(Recorded data)
+++++

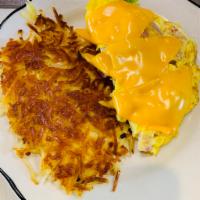 Ham and Cheese Omelette Plate · Diced ham and American cheese.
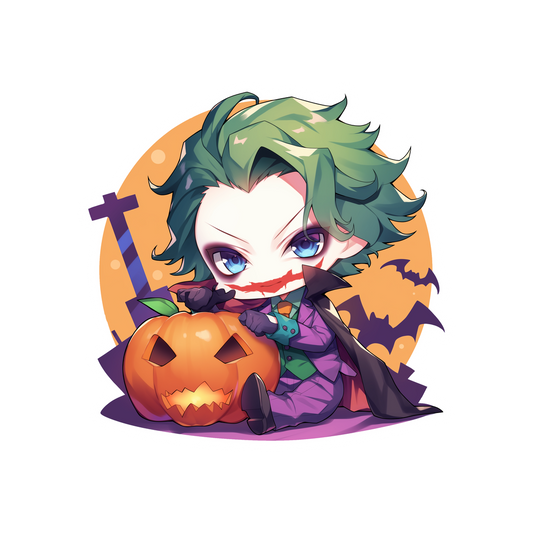 chibi joker halloween sticker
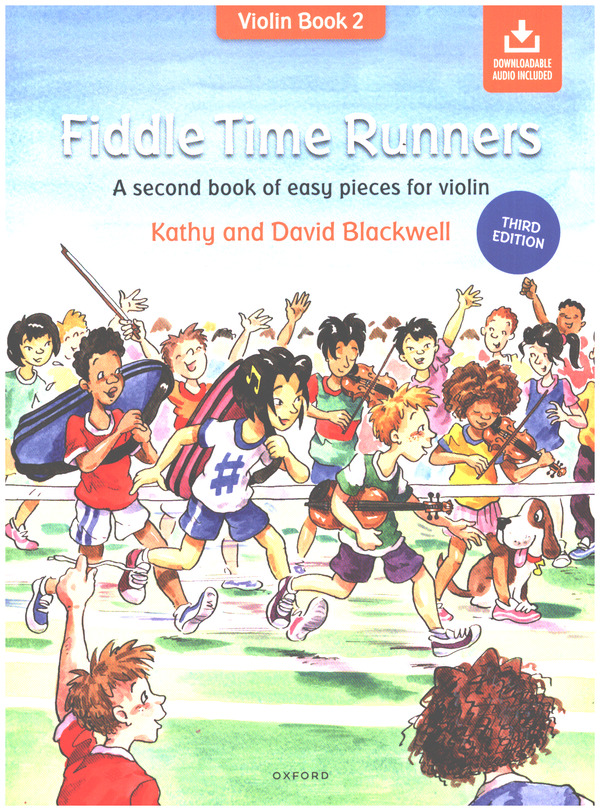 Vorderes Coverbild Fiddle Time Runners (+Online Audio)
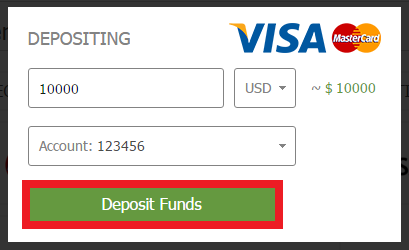 FBS card deposit amount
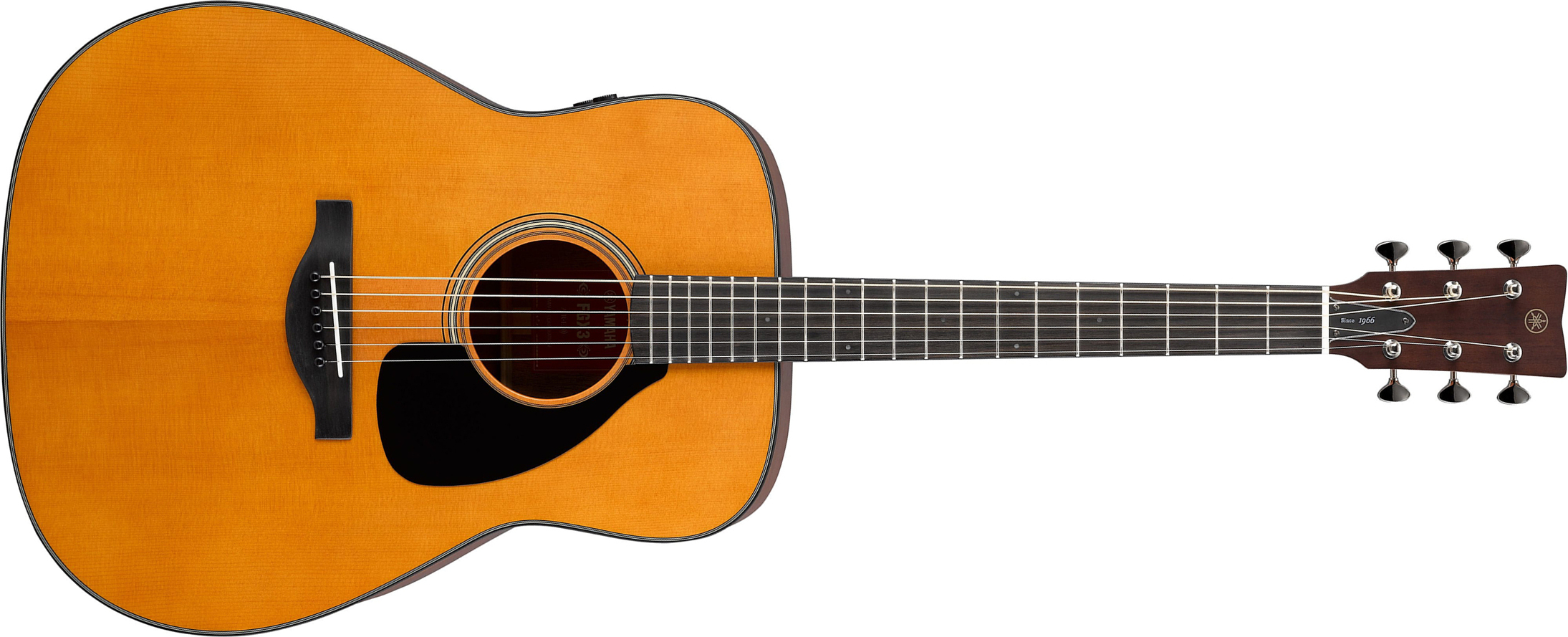 Yamaha Fgx3 Red Label Dreadnought Epicea Palissandre Eb - Heritage Natural - Westerngitaar & electro - Main picture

+++++

## [WHAT THE EXERCISE ASKS]
Please retype exactly the lines from the line containing "Vorderes Coverbild Fiddle" through the final line of the records above, inclusive, leaving out any pictures.

## [SOLVED EXERCISE]
 Vorderes Coverbild Fiddle Time Runners (+Online Audio)
 FBS card deposit amount
 Yamaha Fgx3 Red Label Dreadnought Epicea Palissandre Eb - Heritage Natural - Westerngitaar & electro - Main picture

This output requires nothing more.